Cannon (1970) revealed the mechanisms that activate the autonomic nervous system to respond to stress. He directly observed the constriction of blood vessels in peripheral tissues during stress in animals. The mediators of the sympathetic and adrenal response to stress (epinephrine and norepinephrine) induced profound vasoconstriction in subcutaneous and skin blood vessels supplying peripheral tissues (Rowell, 1986). Sympathetic activation in the postoperative period is a function of the severing of afferent nerves, hypovolemia, fear, pain, and cold rather than anesthesia (Halter et al, 1977). Catecholamine levels may remain elevated for days after surgery (Derbyshire and Smith, 1984; Halter et al, 1977), and concentrations vary with the length and severity of surgery (Chernow et al, 1987). Norepinephrine is increased threefold in the early postoperative hours (Derbyshire and Smith, 1984), peaking with the patient’s first expression of pain (Niinikoski et al, 1972). Increased levels of circulating catecholamines, including epinephrine, triggered by pain and stress lead to peripheral vasoconstriction, decreased perfusion of blood to the skin and extremities, and, consequently, reduced oxygen availability in the tissues (Franz et al, 2008; Jensen et al, 1985). Evidence of how stress and pain limit perfusion has been demonstrated by infusion of exogenous epinephrine in healthy subjects. In a study designed to mimic the body’s response to stress, increasing levels of epinephrine decreased the level of subcutaneous tissue oxygen 45%, whereas heart rate and arterial PO2 did not markedly change (Jensen et al, 1985).



Hypothermia


Adverse consequences of perioperative body heat loss are significant and include prolonged hypothermia and postanesthesia recovery, longer postoperative warming time, shivering and thermal discomfort, reduced antibody and cell-mediated responses, reduced tissue oxygen peripherally, and increased incidence of wound infections (Reynolds et al, 2008). The effects of temperature on the amount of vasomotor tone primarily determine cutaneous capillary blood flow. Cooling increases norepinephrine affinity to α-adrenergic receptors on vascular smooth muscle. This augments the response of cutaneous vessels to autonomic activation, which increases constrictive vessel tensions up to fivefold (Vanhoutte et al, 1981).
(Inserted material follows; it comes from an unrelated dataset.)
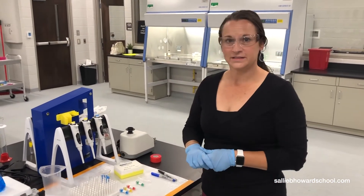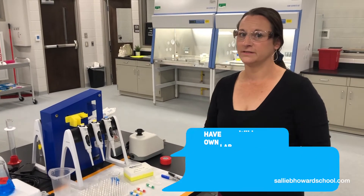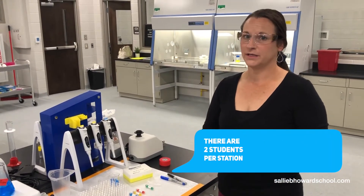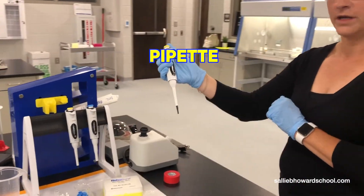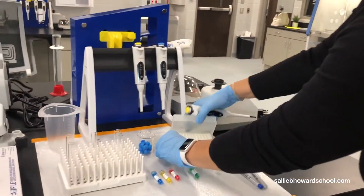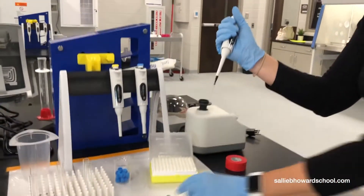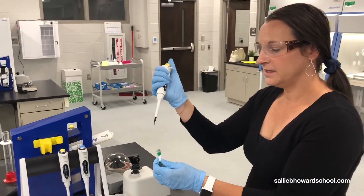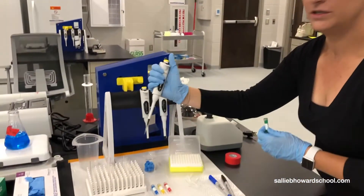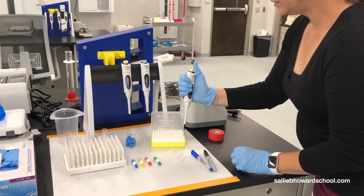Our young scientists will have their own lab space, and maybe they're going to work on pipetting skills — a key component to being a good lab tech. They would grab their pipet of choice for what they're working with today, open their box of tips, put a tip on, grab their aliquot of whatever they're working with, take a sample, and put it in their test tube.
Hypothermia-induced vasoconstriction has decreased subcutaneous oxygen tension in anesthetized volunteers (FiO2 0.6 mm Hg) to a mean of 50 mm Hg (Sheffield et al, 1992). Furthermore, a lower blood temperature shifts the oxyhemoglobin curve to the left, thereby increasing the amount of oxygen carried in the blood but decreasing the amount of oxygen released (Severinghaus, 1958). This effect may exacerbate tissue hypoxia induced by peripheral vasoconstriction.
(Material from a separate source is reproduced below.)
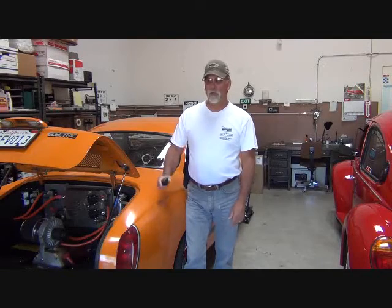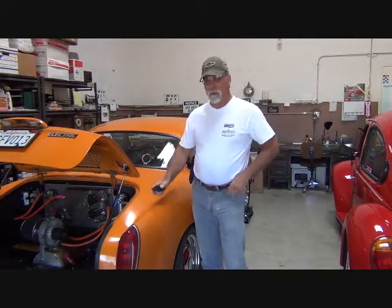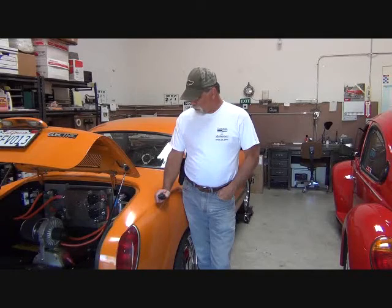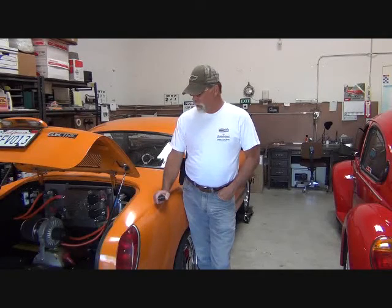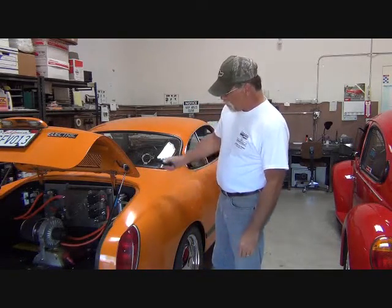Hello, I'm Richard with EV4U Custom Conversions, and welcome to another episode on upgrading the Karmann Ghia. If you remember in the last episode, we discussed how the Evnetics controller had finally given up the ghost. We're going to be making some upgrades — not just replacing the controller, but replacing the motor, controller, and adapter. In this episode, let's take a closer look at what exactly went wrong.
Virtually all anesthetic agents are vasodilators and may cause a rapid initial decrease in core temperature (1°C–2°C) during the first hour after induction of anesthesia (Sessler, 1993). Internal redistribution of body heat from core to periphery is exacerbated by conductive and evaporative losses as a result of visceral exposure in a cold environment (Roe, 1971). Rapid initial body heat loss can be limited by heating the operating room and aggressive preoperative warming (Morris, 1971). Preinduction warming may nearly prevent rapid initial body heat loss (Hynson and Sessler, 1992).
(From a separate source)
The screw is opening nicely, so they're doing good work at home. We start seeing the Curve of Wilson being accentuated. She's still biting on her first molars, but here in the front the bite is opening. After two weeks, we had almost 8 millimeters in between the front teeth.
Perioperative shivering in the elderly, although rare, is dangerous because oxygen demand may increase by 400% to 500% (Bay et al, 1968). This drastic increase in oxygen demand increases cardiac workload. Increased oxygen consumption has been shown to coincide with core decrements of 0.3°C to 1.2°C (Roe et al, 1966). Prolonged postoperative hypothermia is associated with increased mortality (Slotman et al, 1985) and myocardial ischemia (Frank et al, 1993).



Tobacco


Smoking is associated with poor wound outcomes in part through the catecholamine-mediated vasoconstrictive effects of nicotine, increases in carbon monoxide that reduce blood oxygen content, and effects on immune and proliferative cell function that reduce repair (Gottrup, 2004; Warner, 2005). Vasoconstrictive effects resulting in significant decreases in tissue oxygen tension occur after a single cigarette is smoked, and tissue oxygen requires an hour to return to baseline levels (Jensen et al, 1991). Reductions in tissue oxygen translate clinically into lower amounts of collagen production and reduced wound strength (Jorgensen et al, 1998). Based on multiple studies and reviews demonstrating an association between smoking and wound-related problems, including infection and poor wound healing, all patients with wounds should be advised to abstain from smoking.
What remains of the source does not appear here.